> _WHAT TO PRODUCE_
Please return every entry below exactly as written, without any of its pictures.

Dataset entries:
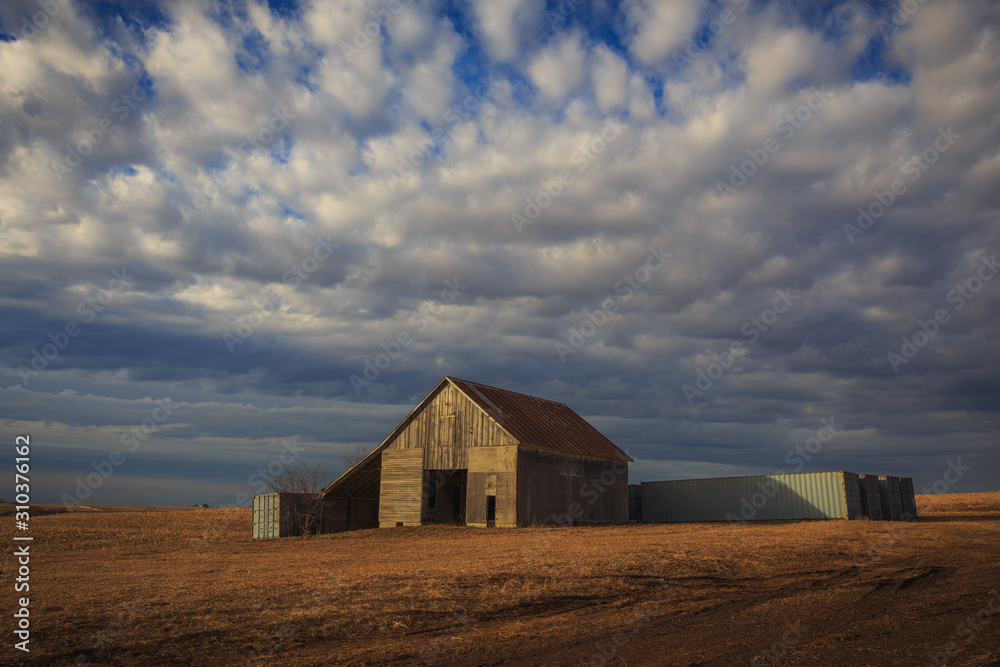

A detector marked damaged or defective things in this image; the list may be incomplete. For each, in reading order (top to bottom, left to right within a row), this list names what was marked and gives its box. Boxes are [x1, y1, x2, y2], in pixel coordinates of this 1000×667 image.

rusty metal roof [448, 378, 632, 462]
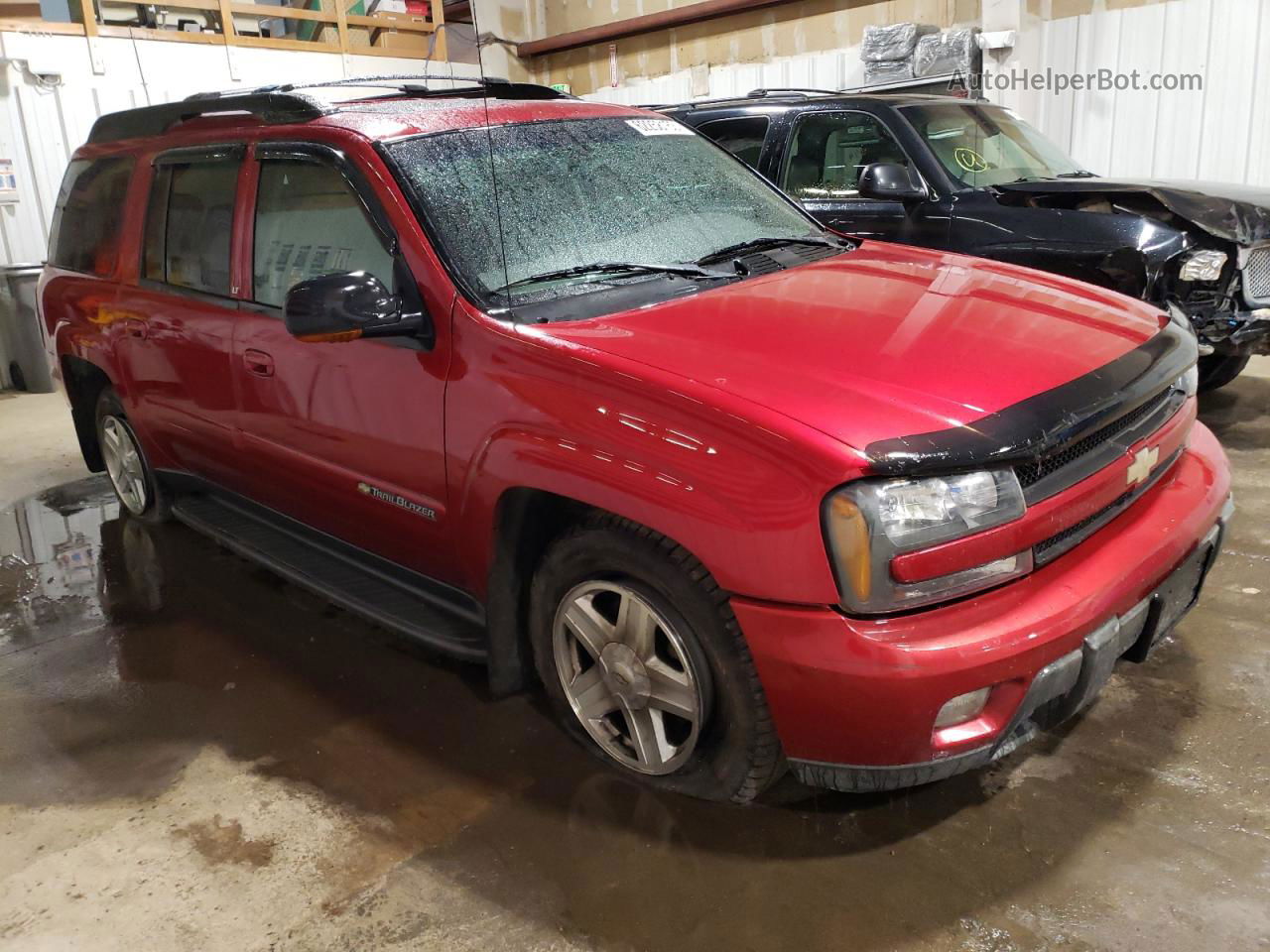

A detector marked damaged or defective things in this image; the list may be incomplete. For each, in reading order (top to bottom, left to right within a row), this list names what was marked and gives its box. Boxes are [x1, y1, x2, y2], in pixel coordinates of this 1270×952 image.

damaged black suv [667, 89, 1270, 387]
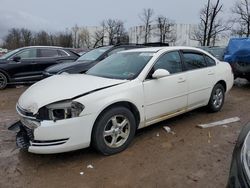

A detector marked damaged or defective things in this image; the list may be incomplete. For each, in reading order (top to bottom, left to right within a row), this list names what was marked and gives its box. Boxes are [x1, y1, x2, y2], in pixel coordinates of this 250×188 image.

> _ANSWER TO THIS PROBLEM_
A detector marked damaged or defective things in this image; the list may be incomplete. For each, in reading order (top to bottom, left to right within a row), this list names what was marked and gives its box. Boxes are [x1, y1, x2, y2], in pixel coordinates of this 1000×667 image.

rusty metal roof [448, 378, 632, 462]

A detector marked damaged or defective things in this image; the list may be incomplete. For each, in reading order (top to bottom, left to right within a row), this list names what was marked and gives its box. Boxes are [x1, y1, x2, y2], in pixel coordinates of this 1270×952 image.

damaged black suv [667, 89, 1270, 387]

A detector marked damaged or defective things in this image; the list may be incomplete. For each, in reading order (top to bottom, left to right within a row), this list names what was marked and gives its box. Boxes are [x1, y1, x2, y2], in pixel coordinates of this 250×188 image.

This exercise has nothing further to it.